In your eagerness to please your consulting clients, it is easy to say "yes" to small requests that are outside of your original agreement. After all, an extra 15 minutes here or there is worth it to keep a client… or is it? Scope management is a key element of managing the client-consultant relationship. Scope creep, meaning unforeseen changes or additions outside of the original scope, can lead to missed deadlines, budget overruns and client dissatisfaction.
Warning Signs of Scope Creep:
- Project is vision-oriented but without clearly defined, measurable tasks and/or deliverables
- The project does not have a clear business case
- Lack of strong executive support
- Stakeholders are not involved or supporting the project
- Internal project manager lacks experience dealing with size and/or complexity of project
- Actual work takes longer or is more complex than initially identified
- Issues are not being resolved or require a project change in order to close
While not an exhaustive list, all of the above can lead to scope creep. The success of a project requires not only your expertise, but an alignment with the organization's business objectives and experienced internal supporters who have organization and communication skills to ensure success.
6 Simple Tips for Scope Management
- Lay a strong foundation. It will be much easier to identify and manage scope creep if you start with a well-defined project scope. Before you document the project scope, be rigorous in gathering requirements and interviewing stakeholders.
- Set clear and measureable objectives. Your project plan should clearly articulate the work that will be done with milestones and metrics.
- Communicate the impact of scope creep.

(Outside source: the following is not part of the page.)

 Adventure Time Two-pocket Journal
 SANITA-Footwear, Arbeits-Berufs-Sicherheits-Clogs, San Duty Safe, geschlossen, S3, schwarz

Ultimately, you are the project manager and it is important that you are able to clearly articulate how any project changes will impact the overall quality and performance of the original project. As the expert, say "no" to any changes that will have a negative impact or will not add value. You may even discuss saving changes until the project is near completion and have a plan for a follow-on project to tackle those items.
- Prepare for success. A project kick-off meeting will help you to set the stage for success. Establish roles and accountability for all stakeholders, and define a process for regular check-ins to keep the project on track.
- Life happens. Things rarely go exactly according to plan, so it is important to have a change control process in place. This may include having a change sign off process and addressing compensation for extra tasks or time.
- Examine your bill rate. Scope creep can have a dramatic impact on your earnings. A little here and a little there can significantly reduce your bill rate. One way to manage scope creep is to ensure that your bill rate covers not only cost, but the value that you deliver to your clients. Use our bill rate calculator if you're not sure how to deterimine your ideal rate.
One final thought...
Prevention is the best cure for scope creep. Taking the extra time to gather requirements can help you understand and develop a well-defined project management scope that minimizes scope creep. You will also be better prepared to identify the signs of scope creep and proactively manage it.